Маша горячо откликнулась:

— А как мы можем узнать, если они сами не знают, почему их деревня так называется. Смирновы и Егор Михайлович мне рассказали о том, что лет триста назад здесь поселился казак Марей, поэтому деревню так назвали. А тетя Валя говорит, будто жила здесь красавица Марья, Марейка, которую взял в жены местный помещик. Она умерла молодой, и этот помещик, безутешный от горя, назвал ее именем деревню.

— Он, как и мы, выходит, именованием занимался.

— Смеешься!

— Ничуть. Но в оба варианта я не очень верю.

— Если честно, я тоже.

…Мы сидели в своем саду и смотрели, словно зачарованные, как полыхало на западе огненное пламя. Вечерело. В воздухе потянуло сыростью из соседнего заброшенного сада, сеном, липовым цветом. Медленный деревенский закат настраивал на тихое безмятежное созерцание.

— Какой был замечательный день, — после долгого молчания произнесла Маша. — Жаль только, что прошел он впустую.

— Как это впустую? Дали имя озеру, увидели новые места, нет, даже не так: познакомились с дальними уделами своего княжества.

— Ты меня успокаиваешь или правда так считаешь?

— А почему я должен тебя успокаивать? День и впрямь был замечательный. А вечер какой чудный! Давай ценить эти мгновения. Завтра все будет по-другому: зарядит с утра дождь, чтобы лить весь день.

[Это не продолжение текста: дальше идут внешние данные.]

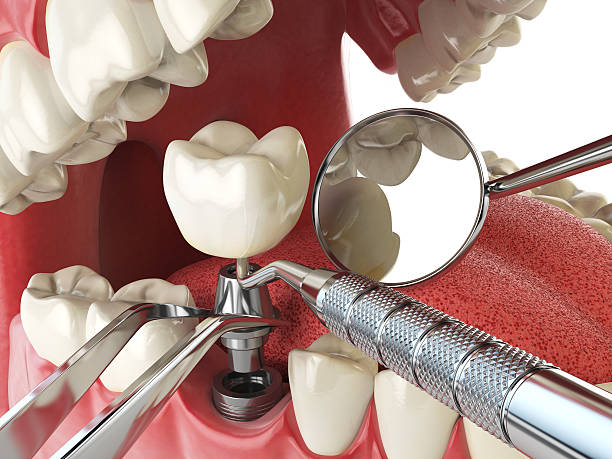 Best Emergency Dentist for Knocked-Out Tooth in Wyldwood, TX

Маша удивленно посмотрела на меня:

— Шутишь? Над головой — ни облачка.

— Над головой, может, и ни облачка, а посмотри, куда солнце садится?

— За землю.

— За землю! Деревня. В облака оно садится. А еще обрати внимание, какое сегодня красное солнце. Это все к ненастью.

— Точно, быть дождю, — вдруг раздался голос за нашими спинами. От неожиданности мы вздрогнули. Бесшумно подошедший Егор Михайлович повторил: — Быть дождю. Дюже кости мои разболелись: к ненастью.



Глава 8.

1.

— Не куришь, Васильич? — спросил Бирюков, усевшись на траву рядом с нами. — Правильно. А я вот так и не смог бросить, теперь, наверное, уже поздно.

Мы помолчали.

— Я ведь чего пришел, — в очередной раз затянувшись папироской, произнес Егор Михайлович, — хочу завтра Машу к себе домой пригласить. Завтра, видать, дождь на весь день зарядит, мои Белка и Стрелка вместо луга в хлеву стоять будут, а мне бездельничать не с руки — займусь плетением. Ты же хотела научиться корзины плести, — обратился старик к моей дочери.

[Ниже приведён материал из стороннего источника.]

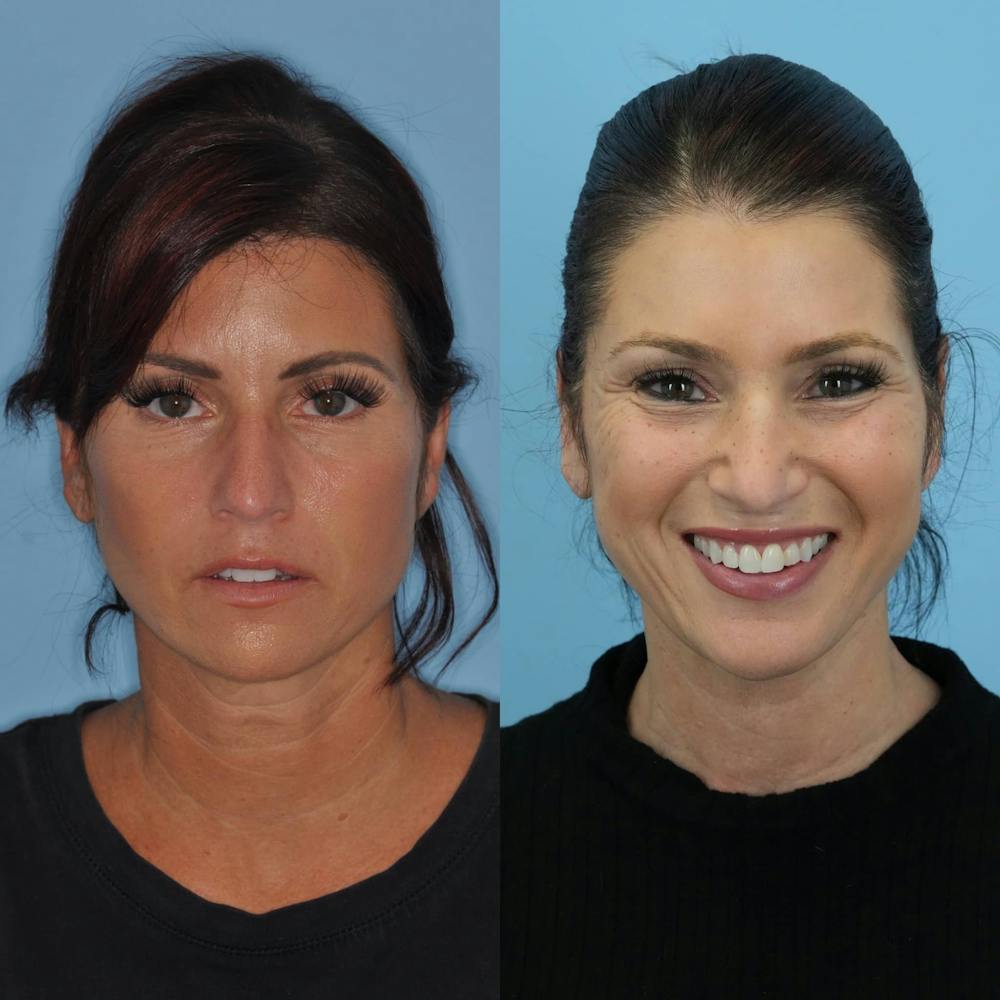 Neck Lift Before & After Gallery - Patient 211072 - Image 3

— Ой, здорово. Пап, мне можно будет пойти к Егору Михайловичу?

— Конечно, дочка. Только учись лучше. Кто знает, может, это твой кусок хлеба будет.

— Зря смеешься, Васильич.

— Если смеюсь, то самую малость. В жизни и впрямь все пригодится.

— Это точно, — согласился старик.

— Егор Михайлович, а мы будем лапти плести? — спросила Маша.

— Ишь, какая егоза. Не торопись. Корзины освоишь — перейдем к лаптям.

— Вот что, корзиночница, — обратился я к дочери, — по-моему, тебе давно пора спать. Давай-ка в постель, а то завтра тебя не поднять.

Когда мы остались со стариком вдвоем, я думал, что он быстро уйдет. Раньше Бирюков не удостаивал меня длинными разговорами. Однако на сей раз он явно не торопился.

— Славная у тебя дочка, Васильич. — Старик закуривал уже вторую папиросу. — Уважительная, к людям ласковая. Только ведь люди разные бывают. Есть и такие — на устах улыбка, а в сердце яд змеиный.

— Послушайте, Егор Михайлович, мы в Мареевке живем всего ничего. Но с первых дней о каких-то нехороших местах слышим. Не наговариваете вы на родную деревню?

— Так я тебе, Васильич, только дочь твою похвалил.

— Темните, Егор Михайлович, а за добрые слова о дочери спасибо. Она меня тоже радует. Только смотрю на нее и думаю, не слишком ли она у меня общительная.

— Умный ты мужик, Васильич, все правильно понял. Маруся у тебя совсем ребенок — считает, раз она к человеку со всей душой, то и он к ней так относится. А вот о проклятиях разных… Не знаю, может, все это суеверия… Посуди сам: на моей памяти в твоем теперешнем доме три хозяина жило. И ни один ведь своей смертью не помер. Пойдем дальше. У меня в жизни тоже все наперекосяк шло.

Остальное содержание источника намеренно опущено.